VCA Doctor Profile: Robert Worthington-Kirsch, MD
If you didn’t already know it, Vein Clinics of America’s philosophy of patient care is based on complete vein disease management, from initial screening to treatment and subsequent follow-up. The biggest difference, though, goes beyond our physicians’ ability to treat vein disease itself. They are completely dedicated to making you feel at ease throughout the entire treatment process, and back on your way to a happy, healthy life.
While their backgrounds are diverse, the VCA doctors who help you look and feel your best have unique perspectives on the way they approach patient care. One such doctor is Dr. Robert Worthington-Kirsch, MD, FSIR, FCIRSE, FACPh, RVT, RPVI.
We were able to sit down with our own doctors, Dr. Robert Worthington-Kirsch, to understand his history, his view of how Vein Clinics of America approaches vein disease, and how he spends his time outside of work:
Vein Clinics of America: Could you introduce yourself to our readers?
Dr. Kirsch: Hi, I’m Dr. Kirsch. I’m the physician for Vein Clinics of America at the Exton and Wayne, Pennsylvania offices, and I’m the medical director for Pennsylvania.
VCA: Can you tell me what’s most rewarding for you being a physician for Vein Clinics of America?
Dr. Kirsch: The thing that’s most rewarding for me is offering procedures to patients that have huge benefits for their quality of life.
My mother was involved in the healthcare field and I can’t really remember a time when I didn’t plan on becoming a physician.
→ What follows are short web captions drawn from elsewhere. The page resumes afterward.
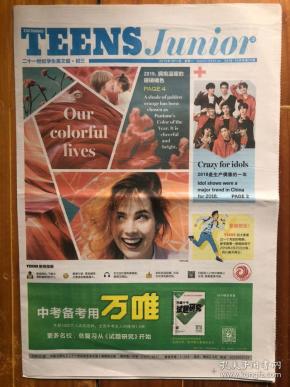 最新國際新聞大事件概覽，最新國際新聞概覽，全球大事件速覽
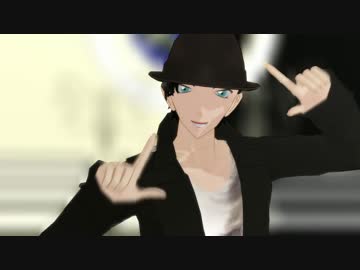 【MMDコナン】若シュウで恋愛フィロソフィア　他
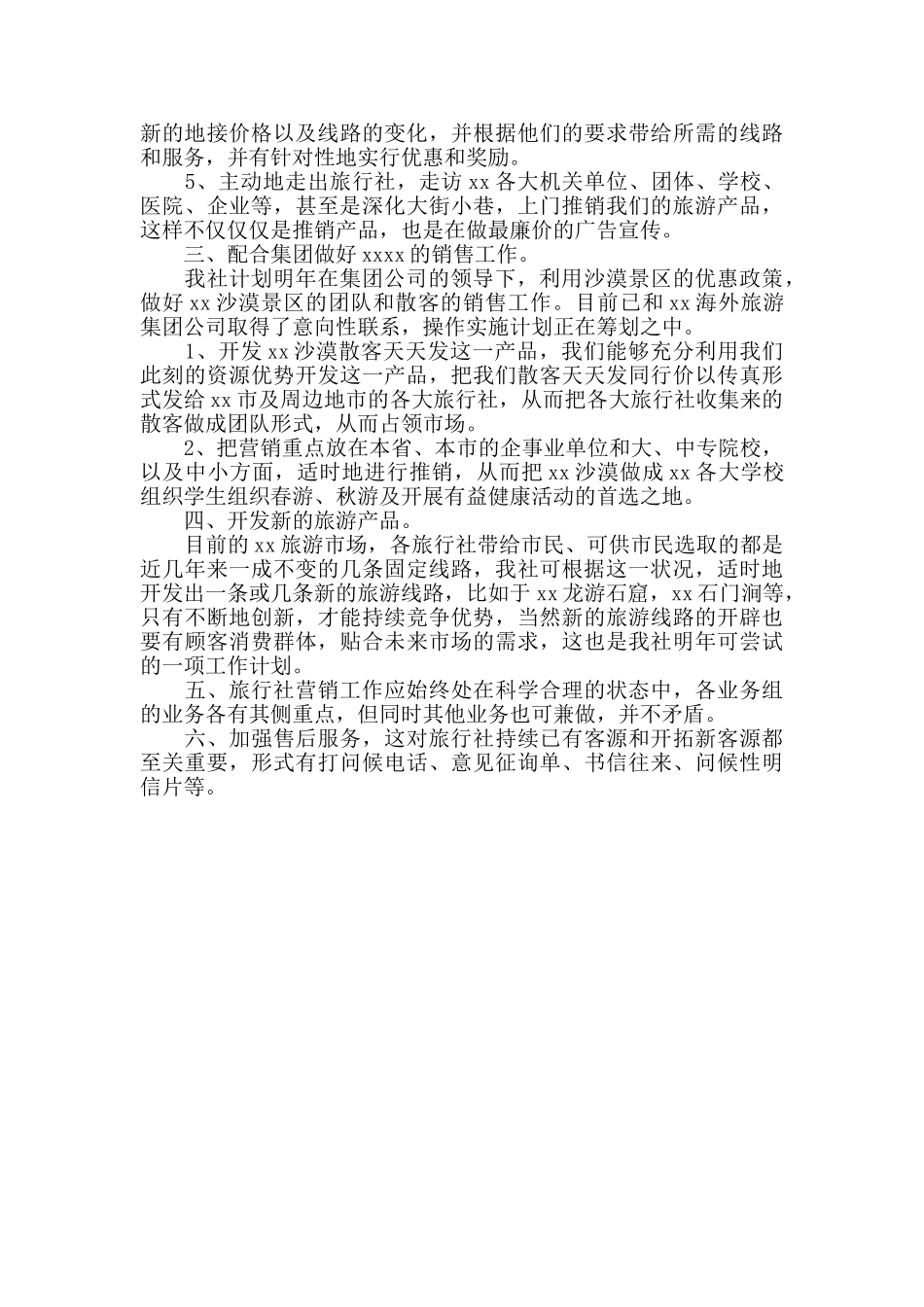 营销员个人年度工作计划_第2页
I learned over time that I’m really interested in helping people by doing things, by doing procedures that allow me to directly impact their lives. I did my residency and diagnostic radiology in the Philadelphia area and gravitated into interventional radiology.
I really enjoy the paradigm of the office-based practice. The ability to provide care to patients without having all of the overhead and hassle and confusion of being in the hospital. Patients come to the office with any of a variety of problems that are interfering with their ability to go about their daily activities. They’re interfering with their ability to work, that are interfering with their ability to enjoy their time with their family. Patients should know that they’re going to get a complete and thorough evaluation of their problem. And that I’m going to formulate and present them with a treatment plan that will treat their problem from beginning to end. When patients are done with their plan of therapy, I want them to go back to normal life and enjoy. And that’s extremely rewarding for me.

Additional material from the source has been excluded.